WARSAW, Poland — Steady advances in multifocal IOL technology could make monofocality obsolete in the near future, according to a speaker.
"Recent improvements and new designs have solved or minimized the problems of multifocal IOLs, and new options like the toric component, the low near power and the trifocal technology have increased the opportunities for spectacle independence," Roberto Bellucci, MD, said at the winter meeting of the European Society of Cataract and Refractive Surgeons.
A 2012 Cochrane review included 16 studies comparing multifocal vs. monofocal IOLs, for a total of 1,608 participants. Mean near acuity was shown to be significantly higher with multifocal IOLs, while distance vision was not affected and spectacle dependence was reduced by half, Bellucci said.

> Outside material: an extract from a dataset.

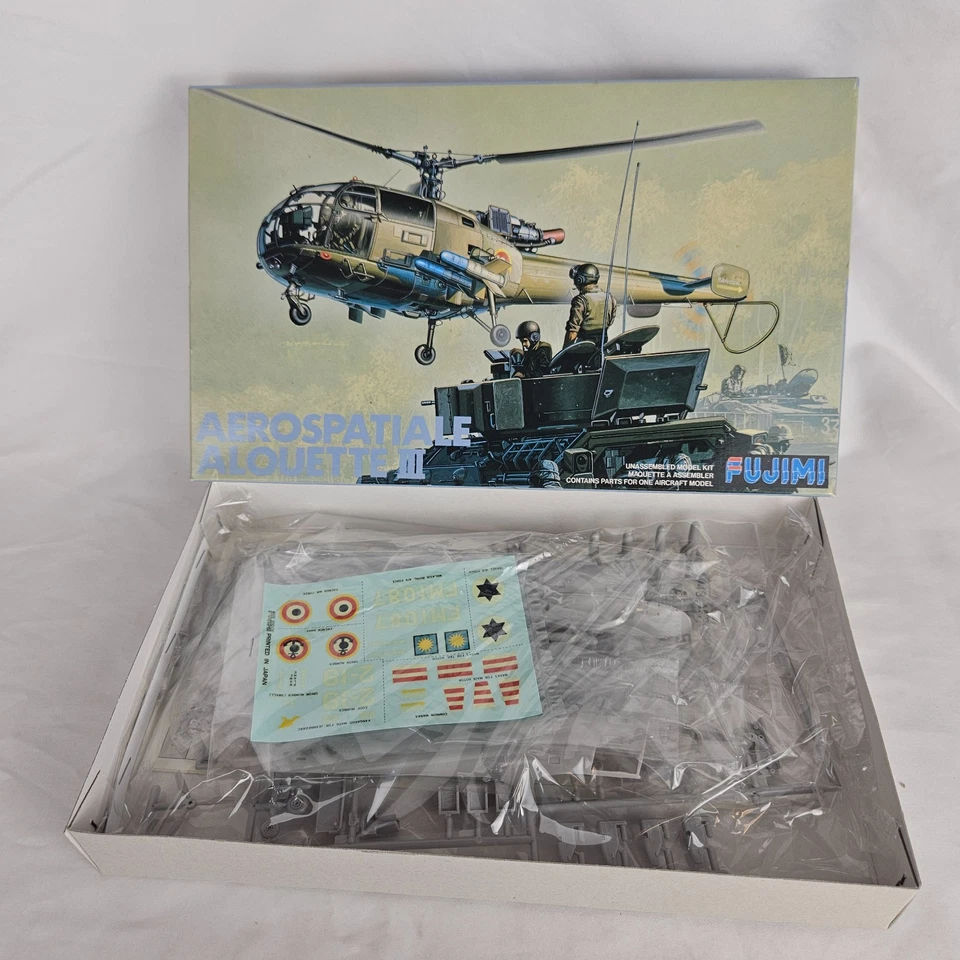 Fujimi Aerospatiale Alouette 3 - 1/48 Scale Plastic Model Kit - Image 2 of 4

"Monofocal IOLs are still winners when it comes to visual quality, but multifocals are catching up with the recent improvements. Glare is worse but rarely disturbing. Part might come from [posterior capsular opacification], which should be carefully evaluated and treated earlier in multifocal-implanted eyes," he said.
Patient satisfaction still varies and should be evaluated in relation to expectations.
"These patients expect not to wear glasses at all, not to have disturbances, and to go back to the vision they had in their 20s," Bellucci said.
However, in his experience with hundreds of multifocal implants, Bellucci said the exchange rate is very low. Only five of his patients had the lens explanted, two of them due to macular degeneration.
"The opposite also occurs: I had three patients who had a multifocal IOL in one eye and a monofocal in the fellow eye and asked me to have lens exchange to have a multifocal IOL in both," he said.
Disclosure: Bellucci is a consultant to Bausch + Lomb and receives travel/research grants form Hanita Lenses and SIFI.